The Art of Iteration
Cryptocurrencies are protocols implemented as software. Protocols are simply intelligent conversations between participants. Software is ultimately the manipulation of data given some goal. Yet the difference between solid, reliable software as well as useful, secure protocols and their converse is completely human.
Good software needs accountability, clear business requirements, repeatable processes, thorough testing and tireless iteration. Good software also needs reasonably talented developers with enough domain specific knowledge to properly design a system that can fully resolve whatever problem they are trying to solve.
As for useful and secure protocols, especially ones involving cryptography and distributed systems, they start in a more academic and standards driven process. Peer review, endless debates and a firm concept of trade offs are necessary to ensure a protocol is useful. Yet these alone are not sufficient, protocols need to be implemented and tested by real life use.
The unique challenge in the cryptocurrency industry is that two completely different philosophies are mangled together without a proper Hegelian synthesis. Our thesis is a “move fast and break things” startup mentality driven by youth, greed and passion. The antithesis is a slow, methodical and academically oriented approach motivated by a desire to solidify the innovations of our space into a nice niche enjoying ample funding and prestige.
The result is that many cryptocurrencies are either entirely specified on a white paper only relevant to a CV or just by hastily written code. None of the current top ten18 cryptocurrencies by market capitalization are based upon a peer reviewed protocol. None of the current ten top cryptocurrencies were implemented from a formal specification19.
Yet billions of dollars of value are at stake. Once deployed, a cryptocurrency is exceedingly difficult to change. How does a user know they are using a secure system? How does a user know that the marketing claims are legitimate? What if the proposed protocol can never achieve the claims?
This lack of synthesis and respect for process is one of the primary reasons IOHK wanted to build Cardano. Our hope was to develop a reference project that would serve as an example of how to do things in a more effective, sane and honest way.

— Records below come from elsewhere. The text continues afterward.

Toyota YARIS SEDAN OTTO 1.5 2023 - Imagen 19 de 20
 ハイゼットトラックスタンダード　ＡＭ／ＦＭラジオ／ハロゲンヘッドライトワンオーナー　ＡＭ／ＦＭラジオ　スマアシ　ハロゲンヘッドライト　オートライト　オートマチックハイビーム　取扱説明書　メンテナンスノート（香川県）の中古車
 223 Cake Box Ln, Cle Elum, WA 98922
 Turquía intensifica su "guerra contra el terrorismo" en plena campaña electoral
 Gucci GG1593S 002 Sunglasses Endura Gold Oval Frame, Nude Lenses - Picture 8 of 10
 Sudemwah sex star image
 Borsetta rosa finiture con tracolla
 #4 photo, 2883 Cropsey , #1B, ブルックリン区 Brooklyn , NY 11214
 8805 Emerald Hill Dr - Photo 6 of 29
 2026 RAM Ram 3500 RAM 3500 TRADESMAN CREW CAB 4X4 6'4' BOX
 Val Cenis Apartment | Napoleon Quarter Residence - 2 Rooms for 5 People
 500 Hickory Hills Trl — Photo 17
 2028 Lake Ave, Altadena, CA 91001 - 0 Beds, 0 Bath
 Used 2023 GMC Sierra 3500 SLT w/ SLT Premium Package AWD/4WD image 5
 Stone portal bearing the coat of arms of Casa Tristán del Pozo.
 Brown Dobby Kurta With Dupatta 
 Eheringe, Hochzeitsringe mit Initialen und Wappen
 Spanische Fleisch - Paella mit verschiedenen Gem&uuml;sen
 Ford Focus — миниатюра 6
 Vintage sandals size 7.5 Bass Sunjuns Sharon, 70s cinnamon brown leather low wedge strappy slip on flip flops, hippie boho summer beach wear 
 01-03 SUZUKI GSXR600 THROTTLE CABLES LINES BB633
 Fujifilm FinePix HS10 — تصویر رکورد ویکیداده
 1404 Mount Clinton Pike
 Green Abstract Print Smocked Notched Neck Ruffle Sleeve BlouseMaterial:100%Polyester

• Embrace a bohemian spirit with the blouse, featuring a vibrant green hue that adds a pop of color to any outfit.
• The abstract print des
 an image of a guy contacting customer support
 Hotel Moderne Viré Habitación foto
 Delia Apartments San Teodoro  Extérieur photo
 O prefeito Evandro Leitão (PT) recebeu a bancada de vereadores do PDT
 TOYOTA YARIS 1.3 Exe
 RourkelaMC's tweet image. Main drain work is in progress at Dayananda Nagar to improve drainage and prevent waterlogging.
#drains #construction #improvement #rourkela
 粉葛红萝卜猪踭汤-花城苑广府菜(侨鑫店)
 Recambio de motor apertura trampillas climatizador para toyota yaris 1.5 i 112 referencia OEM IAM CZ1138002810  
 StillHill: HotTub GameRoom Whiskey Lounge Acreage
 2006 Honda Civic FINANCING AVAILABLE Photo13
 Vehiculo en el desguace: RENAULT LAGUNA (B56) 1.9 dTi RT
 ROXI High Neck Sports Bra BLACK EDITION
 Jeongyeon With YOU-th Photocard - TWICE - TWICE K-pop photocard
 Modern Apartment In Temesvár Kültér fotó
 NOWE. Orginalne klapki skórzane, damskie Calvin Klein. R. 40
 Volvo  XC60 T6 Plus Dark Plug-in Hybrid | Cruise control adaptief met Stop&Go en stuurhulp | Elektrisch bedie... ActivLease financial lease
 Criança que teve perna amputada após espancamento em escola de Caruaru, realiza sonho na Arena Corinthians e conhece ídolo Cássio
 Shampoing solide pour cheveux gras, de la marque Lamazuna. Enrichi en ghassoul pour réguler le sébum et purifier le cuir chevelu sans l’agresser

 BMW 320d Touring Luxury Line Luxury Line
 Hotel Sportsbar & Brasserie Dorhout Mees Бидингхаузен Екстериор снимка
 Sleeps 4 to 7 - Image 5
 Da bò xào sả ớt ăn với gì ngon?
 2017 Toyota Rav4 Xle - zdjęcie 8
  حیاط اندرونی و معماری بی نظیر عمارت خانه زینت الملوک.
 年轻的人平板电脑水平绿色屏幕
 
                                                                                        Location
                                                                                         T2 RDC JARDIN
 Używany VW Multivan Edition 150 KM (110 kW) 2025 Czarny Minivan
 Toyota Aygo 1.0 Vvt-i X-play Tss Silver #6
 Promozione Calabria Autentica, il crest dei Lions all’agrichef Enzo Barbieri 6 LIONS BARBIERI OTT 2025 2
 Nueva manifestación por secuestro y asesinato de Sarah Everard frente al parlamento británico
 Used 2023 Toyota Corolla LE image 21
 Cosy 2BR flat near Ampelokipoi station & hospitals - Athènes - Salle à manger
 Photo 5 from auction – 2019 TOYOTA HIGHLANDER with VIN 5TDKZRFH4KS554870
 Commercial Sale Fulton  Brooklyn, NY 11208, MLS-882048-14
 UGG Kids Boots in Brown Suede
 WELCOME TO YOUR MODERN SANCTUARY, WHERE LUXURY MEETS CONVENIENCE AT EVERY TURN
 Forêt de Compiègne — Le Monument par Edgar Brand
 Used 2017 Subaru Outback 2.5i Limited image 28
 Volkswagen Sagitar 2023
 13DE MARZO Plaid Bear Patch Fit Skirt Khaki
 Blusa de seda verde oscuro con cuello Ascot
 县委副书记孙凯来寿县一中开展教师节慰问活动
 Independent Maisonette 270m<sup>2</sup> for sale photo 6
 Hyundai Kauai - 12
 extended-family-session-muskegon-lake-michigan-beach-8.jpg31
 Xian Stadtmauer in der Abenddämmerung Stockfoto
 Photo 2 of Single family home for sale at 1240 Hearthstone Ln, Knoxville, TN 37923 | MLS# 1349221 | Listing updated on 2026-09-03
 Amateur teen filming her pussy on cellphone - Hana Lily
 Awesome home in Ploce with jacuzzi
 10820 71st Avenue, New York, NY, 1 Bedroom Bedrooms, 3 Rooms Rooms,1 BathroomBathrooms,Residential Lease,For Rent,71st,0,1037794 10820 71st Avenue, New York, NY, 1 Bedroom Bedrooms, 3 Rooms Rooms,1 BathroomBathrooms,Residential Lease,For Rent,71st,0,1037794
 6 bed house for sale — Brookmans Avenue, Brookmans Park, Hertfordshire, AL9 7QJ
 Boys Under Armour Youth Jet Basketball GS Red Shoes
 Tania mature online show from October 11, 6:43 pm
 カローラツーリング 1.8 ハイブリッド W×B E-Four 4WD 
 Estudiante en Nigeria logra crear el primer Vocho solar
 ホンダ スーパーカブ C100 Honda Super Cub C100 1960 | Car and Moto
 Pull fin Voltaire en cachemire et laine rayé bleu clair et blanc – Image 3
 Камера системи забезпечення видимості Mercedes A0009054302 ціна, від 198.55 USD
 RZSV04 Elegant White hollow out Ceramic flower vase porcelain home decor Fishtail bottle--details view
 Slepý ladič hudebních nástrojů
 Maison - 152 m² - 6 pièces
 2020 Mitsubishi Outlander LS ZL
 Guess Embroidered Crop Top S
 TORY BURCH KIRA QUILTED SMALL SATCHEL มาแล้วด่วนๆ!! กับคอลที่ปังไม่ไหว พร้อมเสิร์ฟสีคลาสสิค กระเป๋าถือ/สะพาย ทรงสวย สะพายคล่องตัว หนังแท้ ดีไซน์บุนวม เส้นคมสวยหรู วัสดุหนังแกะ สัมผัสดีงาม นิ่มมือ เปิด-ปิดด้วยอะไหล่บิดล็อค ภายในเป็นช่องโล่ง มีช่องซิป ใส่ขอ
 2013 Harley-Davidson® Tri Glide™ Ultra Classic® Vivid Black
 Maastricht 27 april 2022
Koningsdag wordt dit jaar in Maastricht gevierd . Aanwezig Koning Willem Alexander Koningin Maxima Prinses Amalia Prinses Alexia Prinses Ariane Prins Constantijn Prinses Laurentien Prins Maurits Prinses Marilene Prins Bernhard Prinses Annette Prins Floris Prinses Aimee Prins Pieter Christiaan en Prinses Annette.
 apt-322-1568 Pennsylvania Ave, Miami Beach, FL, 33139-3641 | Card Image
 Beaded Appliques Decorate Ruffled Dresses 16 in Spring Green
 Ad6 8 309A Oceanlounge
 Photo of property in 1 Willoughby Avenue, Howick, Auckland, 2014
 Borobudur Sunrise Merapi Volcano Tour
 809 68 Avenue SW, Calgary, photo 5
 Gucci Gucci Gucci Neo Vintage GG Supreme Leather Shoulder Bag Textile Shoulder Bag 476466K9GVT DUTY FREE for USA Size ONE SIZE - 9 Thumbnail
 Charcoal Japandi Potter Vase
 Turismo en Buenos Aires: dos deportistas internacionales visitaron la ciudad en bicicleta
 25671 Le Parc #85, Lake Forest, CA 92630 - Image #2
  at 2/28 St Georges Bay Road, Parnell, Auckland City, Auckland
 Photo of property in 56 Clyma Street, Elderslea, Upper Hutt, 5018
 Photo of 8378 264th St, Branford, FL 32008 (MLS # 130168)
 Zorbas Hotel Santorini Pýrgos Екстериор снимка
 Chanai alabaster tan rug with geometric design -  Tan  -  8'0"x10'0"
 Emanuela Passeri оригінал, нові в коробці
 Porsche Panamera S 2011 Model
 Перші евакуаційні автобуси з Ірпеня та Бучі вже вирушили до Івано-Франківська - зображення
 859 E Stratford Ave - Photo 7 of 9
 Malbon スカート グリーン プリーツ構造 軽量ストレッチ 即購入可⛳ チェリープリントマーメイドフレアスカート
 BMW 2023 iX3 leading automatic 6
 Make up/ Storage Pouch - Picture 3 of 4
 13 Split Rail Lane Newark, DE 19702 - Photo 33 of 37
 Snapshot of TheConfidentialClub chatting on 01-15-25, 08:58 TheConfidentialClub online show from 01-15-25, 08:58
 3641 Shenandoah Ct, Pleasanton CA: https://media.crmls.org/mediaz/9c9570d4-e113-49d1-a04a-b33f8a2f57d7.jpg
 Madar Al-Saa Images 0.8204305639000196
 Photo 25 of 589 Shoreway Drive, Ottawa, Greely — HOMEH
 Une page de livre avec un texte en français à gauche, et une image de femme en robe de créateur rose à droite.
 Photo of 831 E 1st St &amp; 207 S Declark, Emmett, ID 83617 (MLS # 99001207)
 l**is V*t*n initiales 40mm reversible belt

The goal is not to propose a totally new way of developing software and protocols, but rather to acknowledge that great software and protocols already exist and we can mimic the conditions that led to their creation. Second, to make these conditions publicly known and open source if possible so that they can be imitated for the benefit of the entire field.
Facts and Opinions
The other concern is over where facts end and opinion begins. There are hundreds of programming languages, dozens of development paradigms and more than one philosophy on project management. The academic world is riddled with its own challenges stemming from its distance from business concerns and practicality.
For Cardano, we first attempted to capture obvious deficiencies that can be universally agreed to be useful from an engineering perspective. For example, cryptography and distributed systems are both extraordinarily involved topics with far too many examples of how naive hands can make horrific mistakes. Therefore, any protocol requiring insight from these domains needs to be designed by an acknowledged expert and be submitted for review by other experts.
Ouroboros is our first case study of this area. It was designed by a team of cryptographers with a large, diverse and publicly verifiable publication history. It was built according to the standard cryptography process, with security assumptions, an adversarial model and proofs. These proofs were checked by submission to conferences20 and also independently by computer proofs written in Isabelle by a team at the University of Cambridge21.
Yet this work alone provides no guarantees of usefulness — just a rigorous check of a security model given some assumptions. For usefulness, one needs to implement and test the protocol. Our developers have done so in both Haskell and also Rust. This work revealed that more effort needed to be focused on the synchronization model, which led to the creation of Ouroboros Praos.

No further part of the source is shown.